During the season, the Météo-France office (MFR) on Réunion island issued warnings in tropical cyclones within the basin. Using satellite imagery from National Oceanic and Atmospheric Administration, the agency estimated intensity through the Dvorak technique, and warned on tropical cyclones in the region from the coast of Africa to 90° E, south of the equator. In September 1985, their area of responsibility shifted from 80° E to the current 90° E, although lack of satellite imagery along the eastern periphery prevented complete coverage. The World Meteorological Organization would later label the MFR as a Regional Specialized Meteorological Center in 1993. The Joint Typhoon Warning Center (JTWC), which is a joint United States Navy – United States Air Force task force, also issued tropical cyclone warnings for the southwestern Indian Ocean. The season's twelve named storms was well above the average of nine, while the five tropical cyclones – storms attaining maximum sustained winds of at least 120 km/h – was average.

The MFR considered the tropical cyclone year to begin on August 1 and continue to July 31 of the following year. By December 1985, water temperatures were cooler than normal across the Indian Ocean. However, the monsoon intensified the following month, allowing for increased tropical cyclogenesis. There were no El Niño conditions by March.

In addition to the storms tracked by the MFR, the JTWC followed a short-lived tropical storm in September. Classified as Tropical Cyclone 01S, the storm developed on September 23 to the east-southeast of Diego Garcia, which is an atoll in the central Indian Ocean. It failed to intensify beyond peak 1 minute winds of 75 km/h, and after passing south of Diego Garcia, the storm dissipated on September 29 south of the Seychelles.

== Systems ==

=== Tropical Depression Alifredy ===

On December 23, a tropical depression formed in the Mozambique Channel, accompanied by spiral rainbands toward the center. That day, the system reached peak winds of 65 km/h, and the Madagascar Meteorological Service named it Alifredy. The storm moved quickly southeastward toward Madagascar. High pressures to the south prevented much development, and Alifredy moved ashore near Morondava in western Madagascar on December 24 at peak intensity. While crossing the island, the storm weakened into a tropical depression. Alifredy emerged into the open Indian Ocean and failed to restrengthen. It became extratropical and turned southeastward, dissipating on December 27 within the westerlies. The JTWC did not track the storm. Alifredy had little impacts on Madagascar; Morombe reported a peak wind gust of 56 km/h.

=== Moderate Tropical Storm Berobia ===

The Intertropical Convergence Zone (ITCZ) spawned a tropical depression in the northern periphery of the Mozambique Channel on January 5, near the Comoros. Initially still located with the ITCZ, the system tracked south-southwestward, although its motion slowed due to a ridge to the south. It passed near Juan de Nova Island on January 6, producing gusts of 81 km/h. By January 7, the system began disassociating itself from the ITCZ and it intensified. That night, the Madagascar Meteorological Service named the depression Berobia, which intensified into a moderate tropical storm the next day. Also on January 8, the JTWC began classifying the storm as Tropical Cyclone 06S. That day, Berobia began moving to the west-northwest, due to the strengthening ridge to the south. On January 9, the storm attained peak winds of 85 km/h according to the MFR; the JTWC estimated a slightly higher 1 minute peak of 95 km/h. Late on January 9, Berobia made landfall about 125 km (75 mi) north of Beira, Mozambique, and it dissipated the next day after entering Zimbabwe. The remnants of Berobia dropped heavy rainfall in northeastern Zimbabwe, with a 24‑hour peak of 179 mm.

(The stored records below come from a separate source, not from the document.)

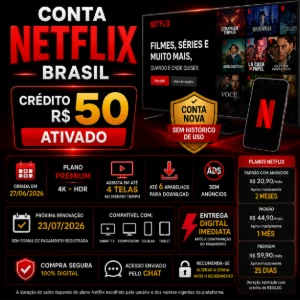 Conta Netflix Brasil plano Premium com R$50 Crédito Ativado - Assinaturas e Premium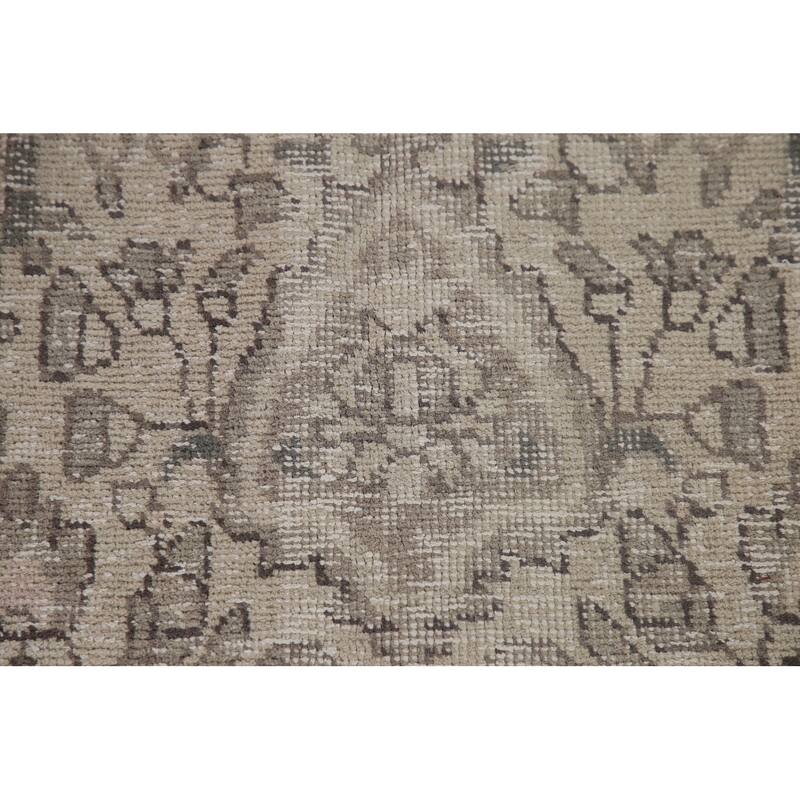 Distressed Tabriz Persian Antique Rug Handmade Oriental Wool Carpet - 6'7" x 9'2"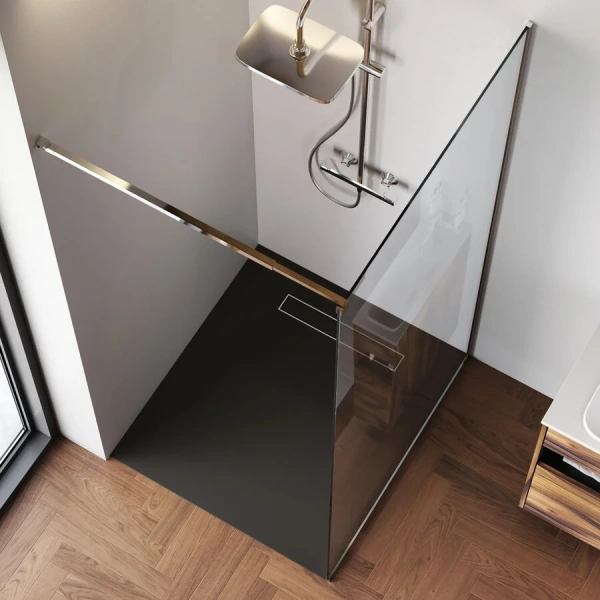 Душевая перегородка Am.Pm Func W84WI-100-F1 100 см прямоугольная (детальная фотография), недорогие, стеклянные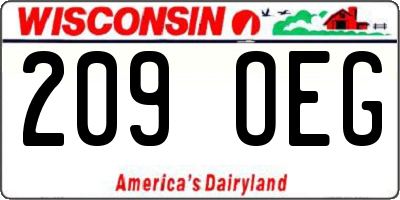 WI license plate 209OEG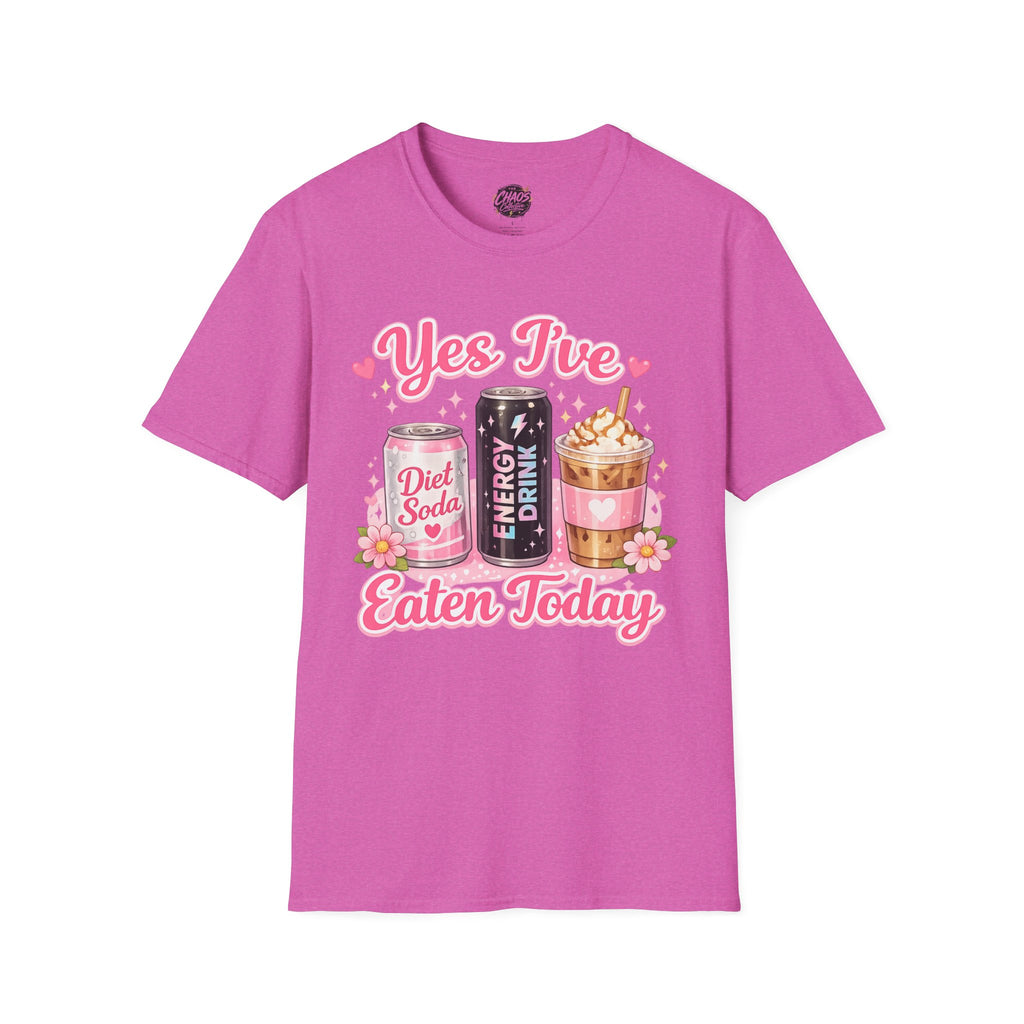 Funny Caffeine Lover Shirt – “Yes I’ve Eaten Today” Diet Soda, Energy Drink & Iced Coffee Tee – Girly Basic Coffee Girl T-Shirt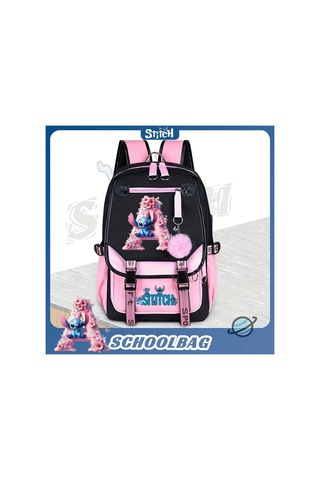 Honeybeeshop R Dısney Stitch Büyük Kapasiteli Sırt Çantası Pembe Siyah İki Tonlu Ayarlanabilir Askılıklar Dayanıklı Polyester Okul Seyahat Günlük Kullanım R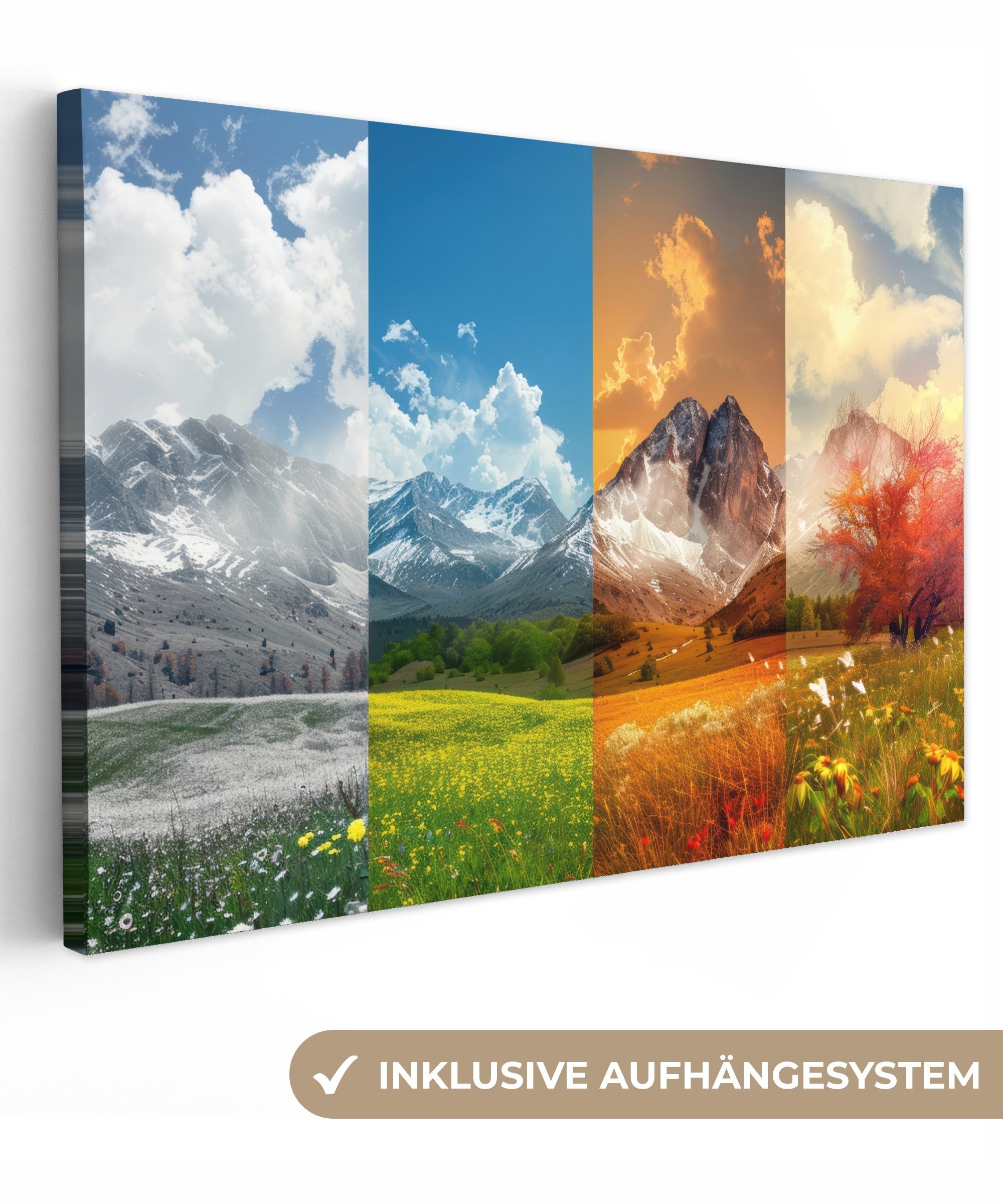 OneMillionCanvasses® Leinwandbild Landschaft - 4 Jahreszeiten - Natur - Winter - Frühling - Sommer - Her, Fotodruck (1 St), Leinwand Изображения Klein, Wand Dekoration Aesthetic 30x20 cm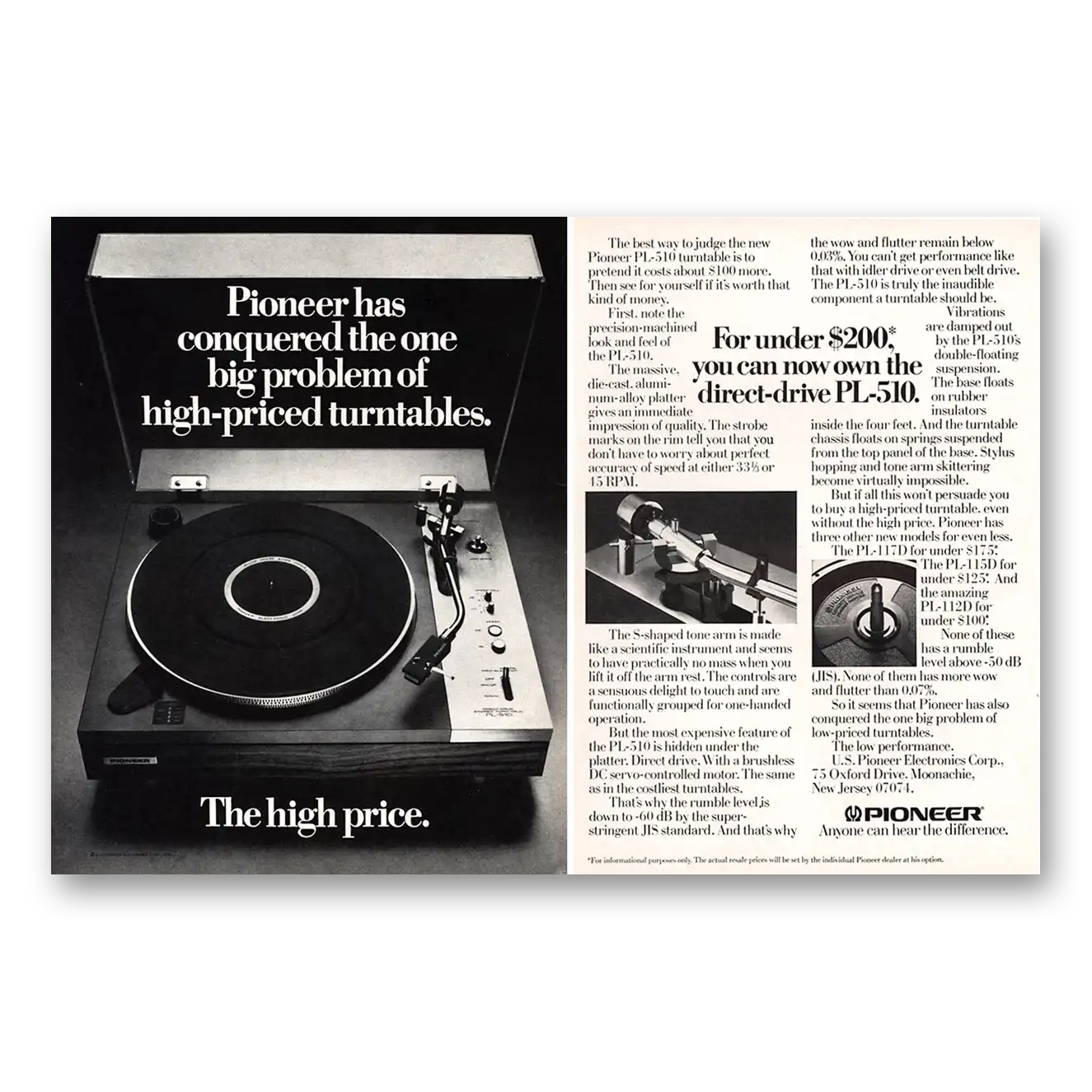 1975 Pioneer Turntables Conquered the One Big Problem Vintage Magazine Print Ad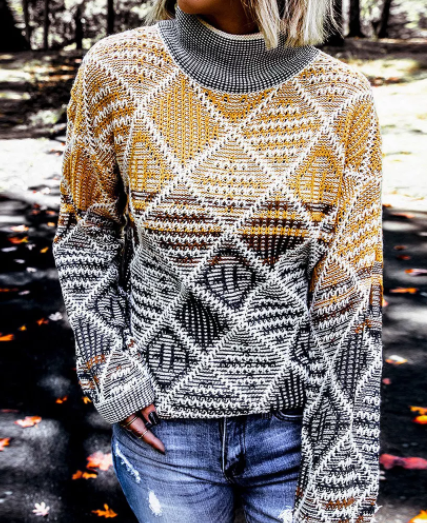 High Neck Geometric Colorblock Sweater
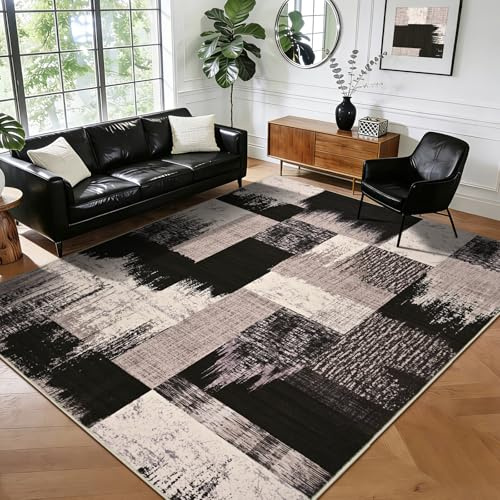 Yinhua Modern Geometric 5x8 Area Rug, Patchwork Brown Rugs for Living Room Washable Abstract Area Rug Non Slip, Low Pile Bedroom Rugs Stain Resistant, Mid Century Carpet for Dining Room, Office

=== Severe Tropical Storm Costa ===

Tropical Storm Costa was a series of three different tropical depressions within the same broader system that persisted for 12 days east of Madagascar, all given the same name. The first circulation formed on January 7 between the northeast coast of Madagascar and Agaléga. Later that day, the Madagascar Meteorological Service named it Costa, and the JTWC labeled it Tropical Cyclone 05S. It moved eastward and later turned to the southeast, passing near Agaléga before weakening while moving into the ITCZ. Another circulation formed to the east of Costa, and the original circulation dissipated on January 9. The new center moved to the west-southwest toward St. Brandon, although it was disorganized, dissipating on January 11. A third circulation formed on the previous day to the east, becoming a tropical depression with well-organized rainbands. This third system would last the longest, originally moving to the northeast before curving southeastward.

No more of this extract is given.